> **What is expected**: Print every line below exactly as written, but leave the pictures behind.

> **Data supplied**:
# # #

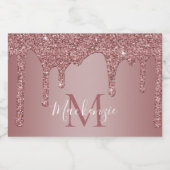 Roos Gold Driving Glitter Monogram Voedselcontainer Etiket (Enkel label)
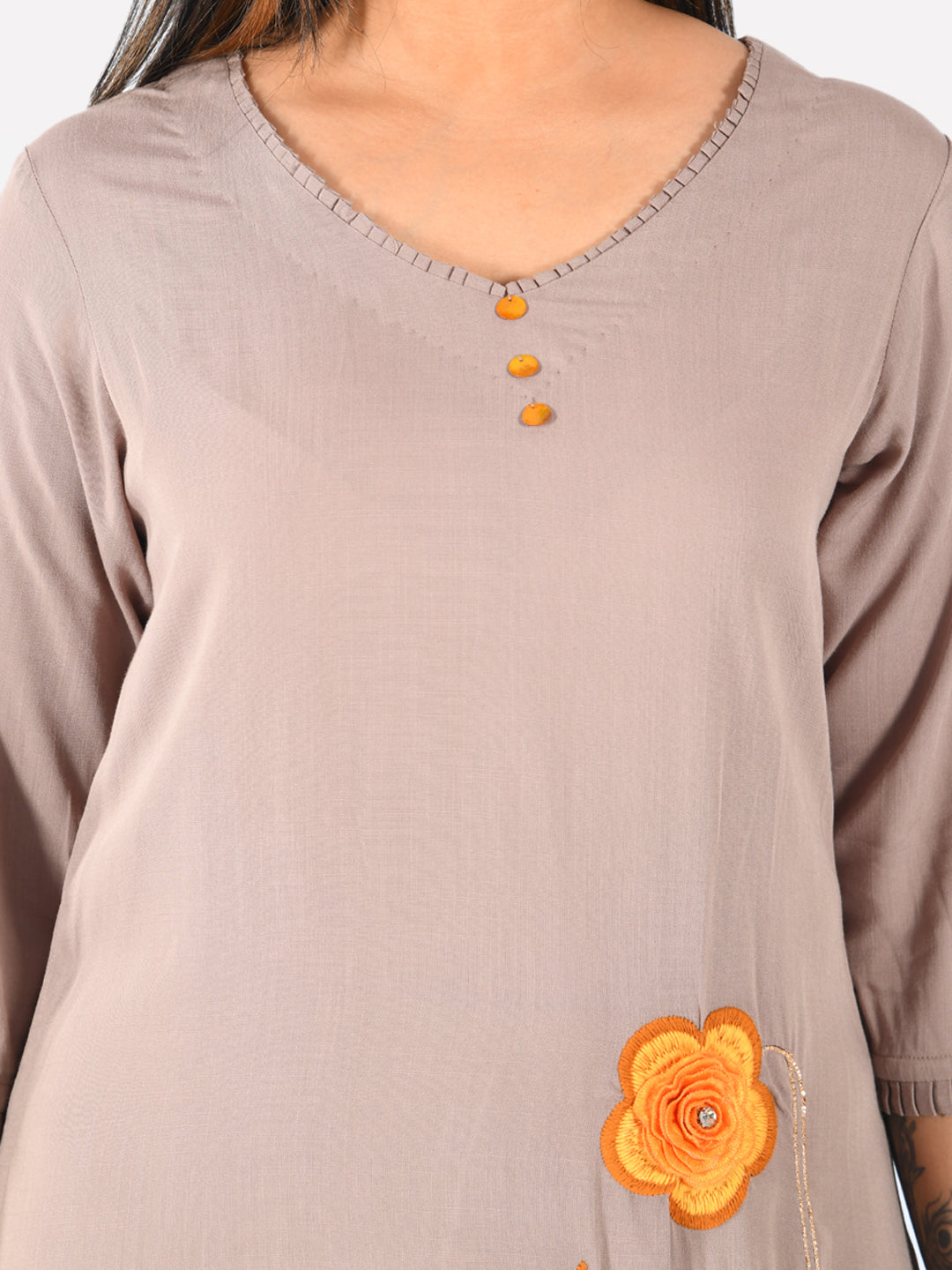 Neerus Grey rayon printed kurti - detail view 1
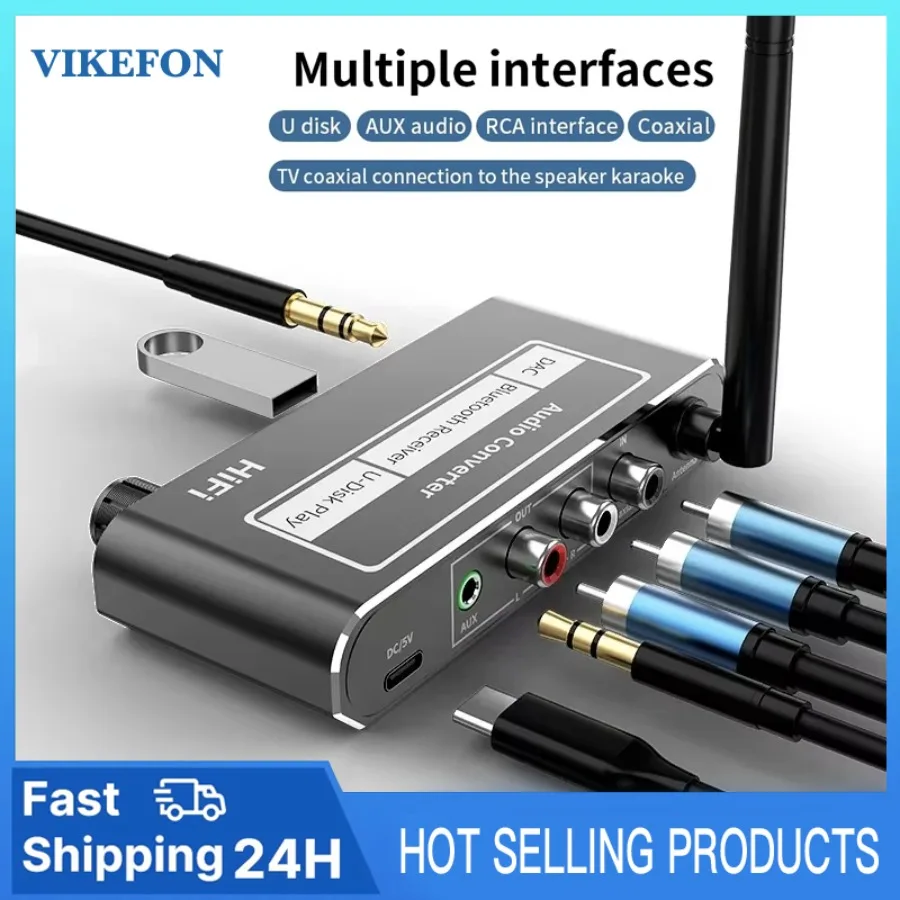 HIFI Bluetooth Audio Receiver DAC Coaxial Digital To Analog Converter 3.5mm AUX RCA Mic U-Disk Jack Stereo Wireless Adapter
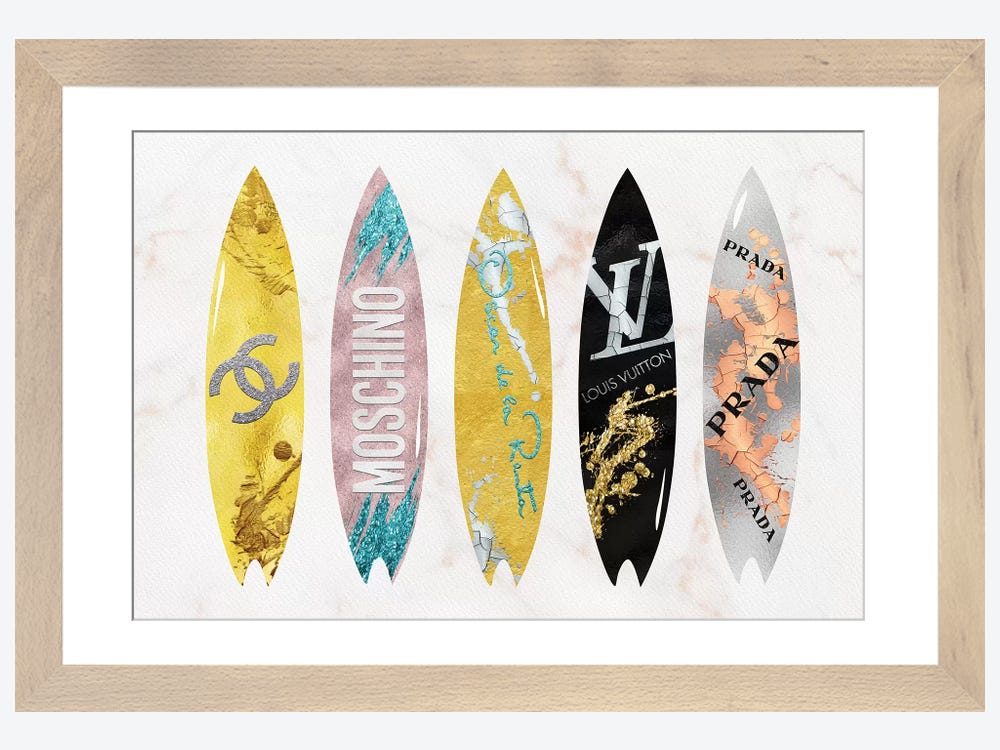 Alexandre Venancio Canvas Wall Decor Art Prints - Surfboard LV ( Fashion > Fashion Brands > Louis Vuitton art) - 36x12 in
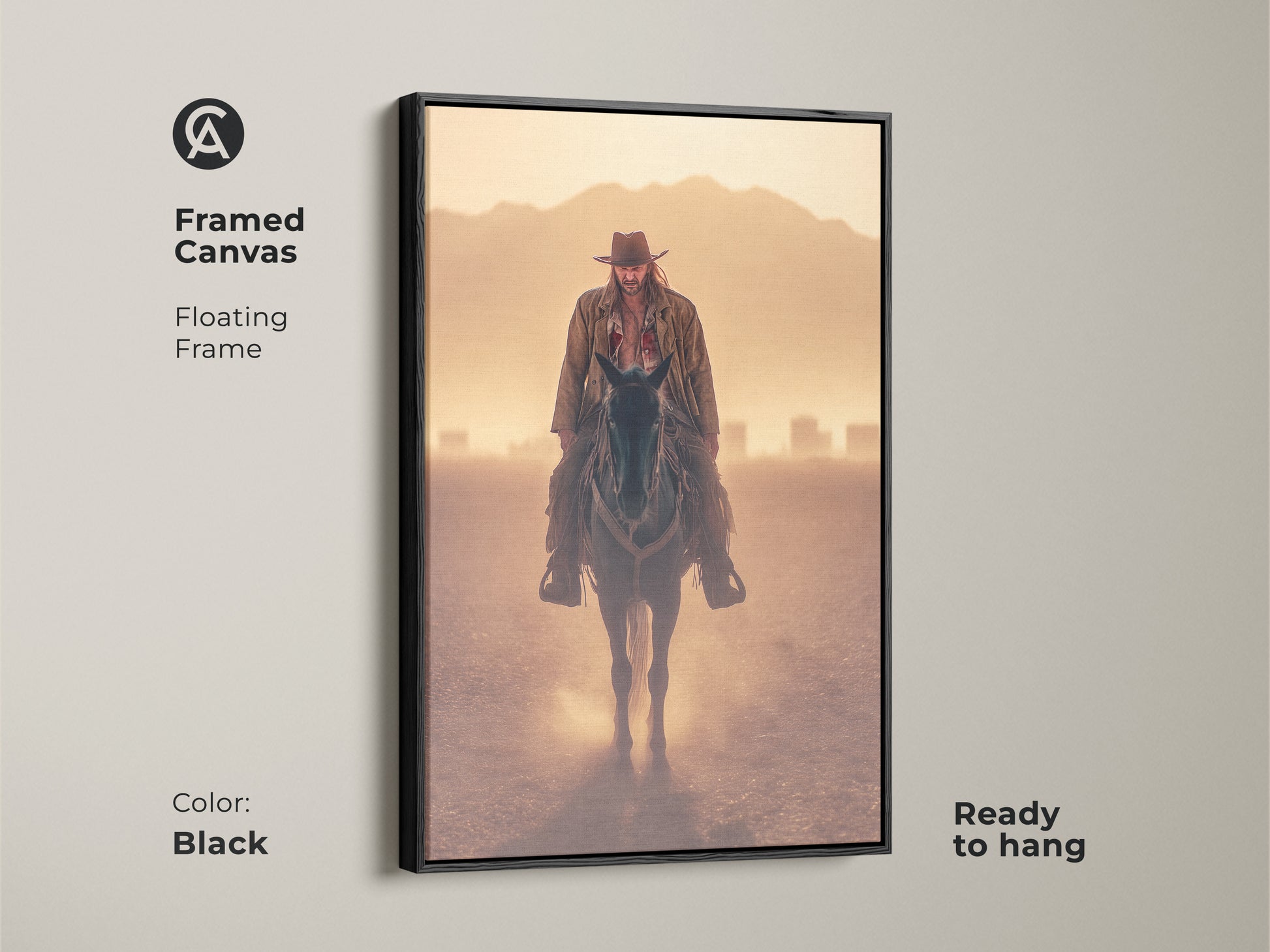 Framed canvas featuring a cowboy on horseback with a black floating frame. Ready to hang. Perfect rustic western art for a study room. The goldenrod orange tan landscape evokes the Wild West. This rugged cowboy art print is a compelling visual narrative.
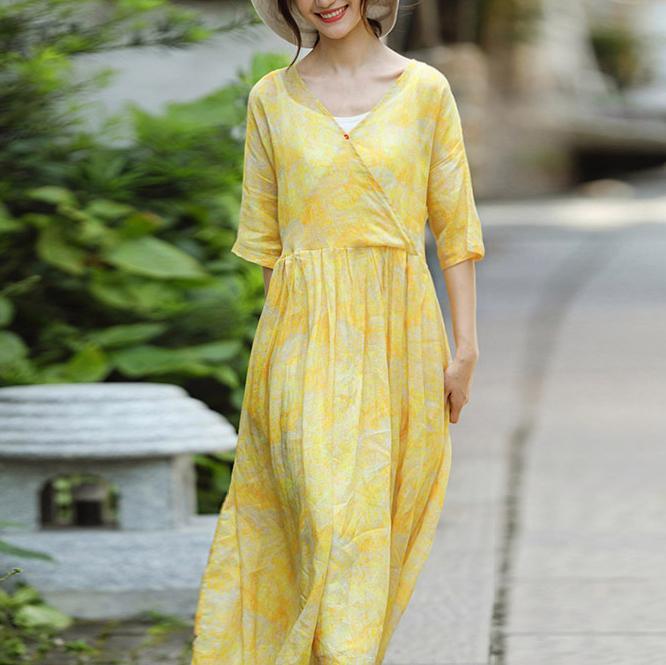 Classy yellow linen Wardrobes stylish Sewing v neck embroidery Maxi summer Dress - Omychic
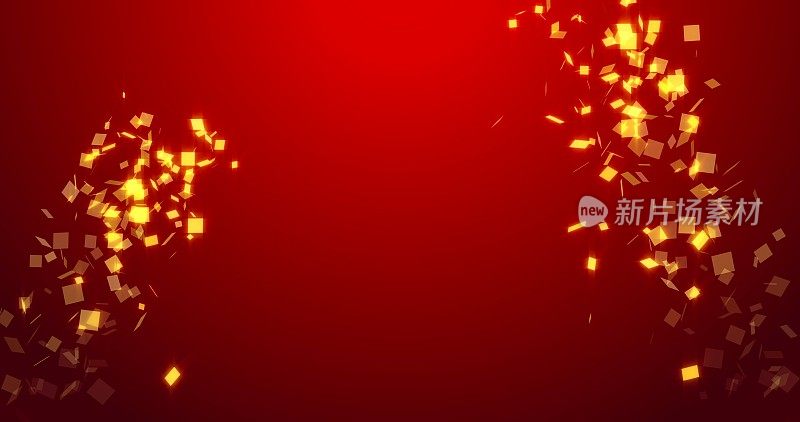金色的五彩纸屑在红色的新年背景上爆炸。无缝循环动画3D渲染，4K和alpha蒙版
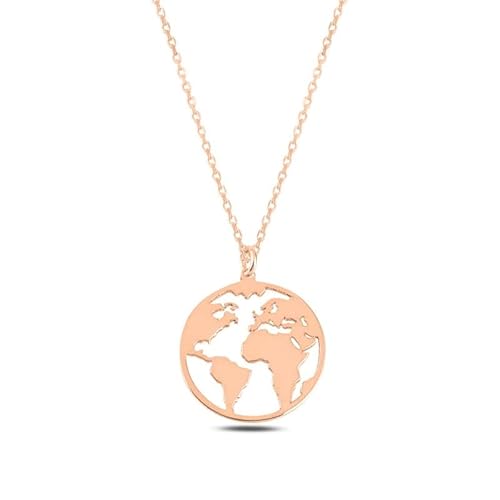 Einzelstück® Halskette mit Globus Anhänger I 925 Sterling Silber mit 14K Roségold vergoldet I Silberkette Globe I Antiallergen & Nickelfrei von Einzelstück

# # #

> **Result for this task**:
 Roos Gold Driving Glitter Monogram Voedselcontainer Etiket (Enkel label)
 Neerus Grey rayon printed kurti - detail view 1
 HIFI Bluetooth Audio Receiver DAC Coaxial Digital To Analog Converter 3.5mm AUX RCA Mic U-Disk Jack Stereo Wireless Adapter
 Alexandre Venancio Canvas Wall Decor Art Prints - Surfboard LV ( Fashion > Fashion Brands > Louis Vuitton art) - 36x12 in
 Framed canvas featuring a cowboy on horseback with a black floating frame. Ready to hang. Perfect rustic western art for a study room. The goldenrod orange tan landscape evokes the Wild West. This rugged cowboy art print is a compelling visual narrative.
 Classy yellow linen Wardrobes stylish Sewing v neck embroidery Maxi summer Dress - Omychic
金色的五彩纸屑在红色的新年背景上爆炸。无缝循环动画3D渲染，4K和alpha蒙版
 Einzelstück® Halskette mit Globus Anhänger I 925 Sterling Silber mit 14K Roségold vergoldet I Silberkette Globe I Antiallergen & Nickelfrei von Einzelstück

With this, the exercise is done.